The notion of a monster under the bed is, perhaps, one of the oldest bogeyman tropes in horror -- specifically because it's one of the most prevalent childhood fears.

Young Mindy is an orphan who is convinced that her bed harbors a slathering creature, and the other boys in the orphanage take advantage of her fears to torment her. But when Mindy's paradigm is challenged by her older foster sister, Rose, it puts a twist into the story that changes the dynamics of the relationship between Mindy and her monster.

Shane McKenzie's story has its ups and downs. It's established as a framework, with the adult Mindy having a first date. We immediately know the guy is a boor, so his intentions are quickly telegraphed to the reader.

Likewise, in the framed tale of Mindy as a child, the character of the orphanage caretaker is likewise telegraphed, but in a more subtle way, allowing the reader to suspect that perhaps he really is a nice guy. When his true colors are revealed, it's less of a shock than it is a confirmation of niggling suspicions.

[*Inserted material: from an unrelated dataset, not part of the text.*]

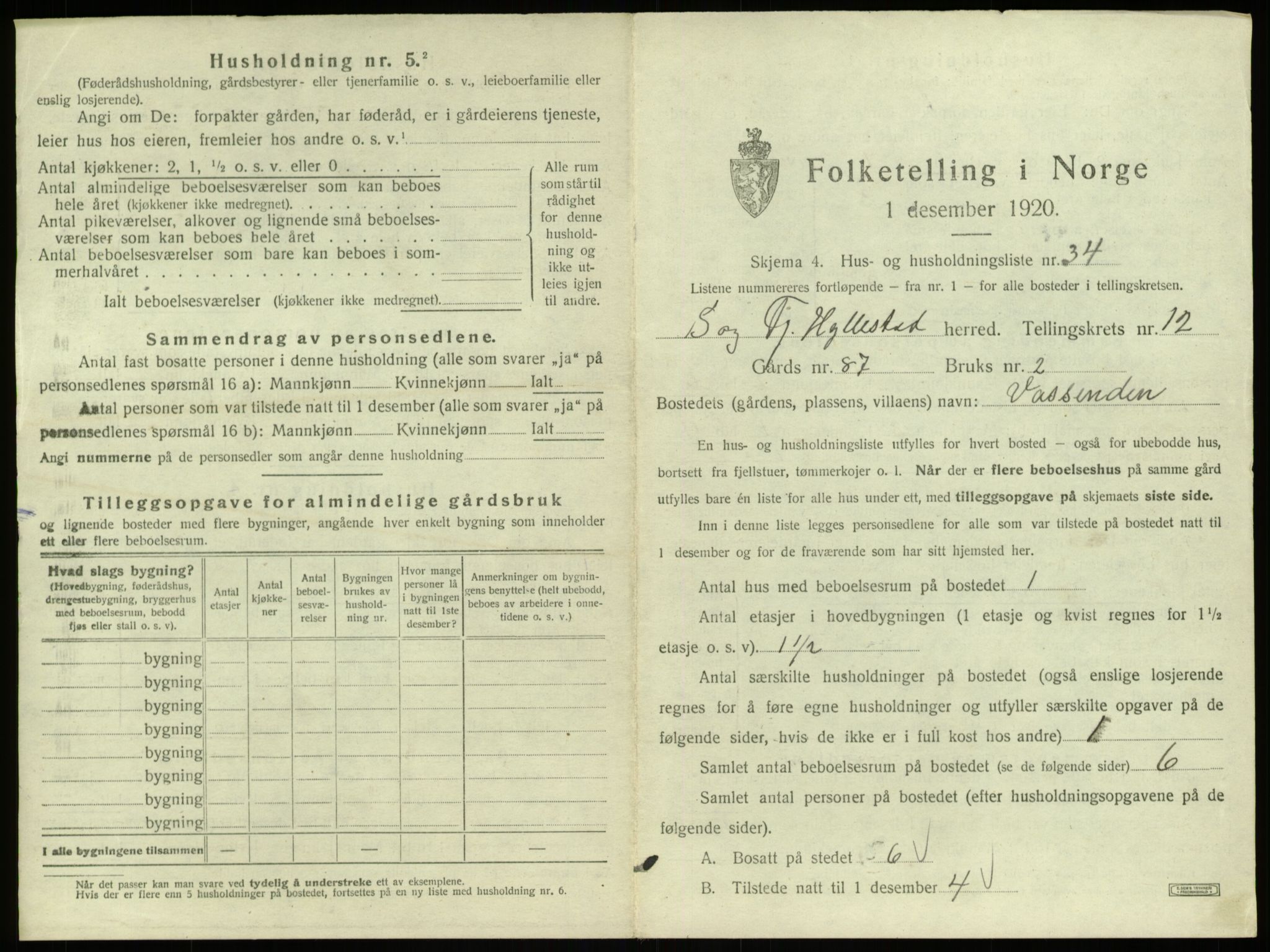 SAB, 1920 census for Hyllestad, 1920, p. 742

Claudia Balboni's artwork works for the inner story, with the dual worlds of children's cruelty and helplessness. For the bookends, however, it flattens, with the characters losing their emotional displays. Mindy seems unnaturally stiff while on her date, gaining some comic book dynamics only in the last panels.

Overall, the story works but could have better set the reader up for surprises instead of giving all the hints up front. That's part of what made EC and other horror anthologies of the past so successful -- any hints were so subtle, if they were given at all, that they were only obvious upon re-reading. And that's what I'd love to see GRIMM TALES OF TERROR evolve into, and what I see it as having the ripe potential to become. Previous issues have achieved this, but this one just falls a little bit short in its delivery.